[417] Women in Colorado have been of greatest service in establishing the following laws:
1—Establishing a State Home for dependent children, three of the five members of the board to be women.
2—Requiring that at least three of the six members of the county visitors shall be women.
3—Making mothers joint guardians of their children with the fathers.
4—Raising the age of protection for girls to 18 years.
5—Establishing a State Industrial School for girls. There had long been one for boys, but the women could not get one for girls until they had the vote.
6—Removing the emblems from the Australian ballots. This is a little, indirect step toward educational qualifications for voting.
7—Establishing the indeterminate sentence for prisoners.
8—Requiring one physician on the board of the Insane Asylum to be a woman.
9—Establishing truant schools.
10—Making better provision for the care of the feeble-minded.
11—For tree preservation.
12—For the inspection of private eleemosynary institutions by the State Board of Charities.
13—Various steps toward prevention of cruelty to animals.

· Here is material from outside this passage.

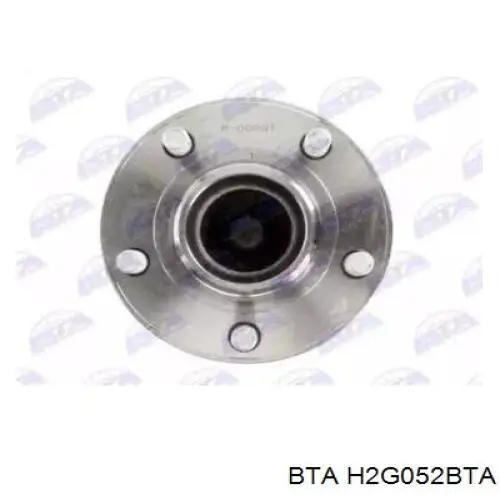 AV6T2B372EA Ford Buje de rueda trasero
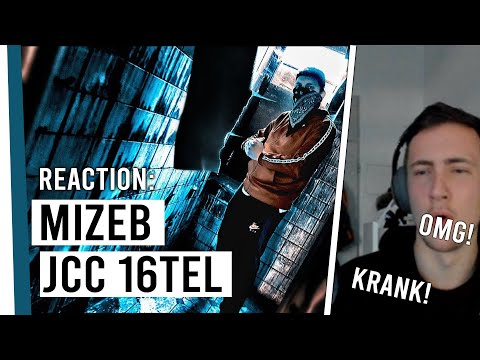 Reaction: MIZEB - Stay Tuned prod. by Fifty Vinc | JCC 2020 | 16tel GRUPPE C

14—Providing that foreign life and accident insurance companies, when sued, must pay the costs.
15—Establishing a juvenile court.
16—Making education compulsory for all children between the ages of 8 and 16, except those who are ill or those who are 14 and have completed the eighth grade, or those whose parents need their help and support.
17—Making the mother and father joint heirs of a deceased child.
18—Providing for union high schools.
19—Establishing a State travelling library commission.
20—Providing that any person employing a child under 14 in any mine, mill, or factory be punished by imprisonment in addition to a fine.
21—Requiring the joint signature of the husband and wife to a mortgage of a homestead.
22—Forbidding the insuring of the lives of children under 10.
23—Forbidding children of 16 or under to work more than six hours a day in any mill, factory, or other occupation that may be unhealthful.
24—Making it a criminal offence to contribute to the delinquency of children—the parental responsibility act.
25—Making it a misdemeanour to fail to support aged or infirm parents.
26—Providing that no woman shall work more than eight hours a day at work requiring her to be on her feet.
27—Restricting the time for shooting doves.
28—Abolishing the binding out of girls committed to the Industrial School until the age of 21.
29—A pure food law in harmony with the national law.
[418] In the Boston Herald for June 4, 1910.
[419] Quoted in the New York Times of Jan. 9, 1910.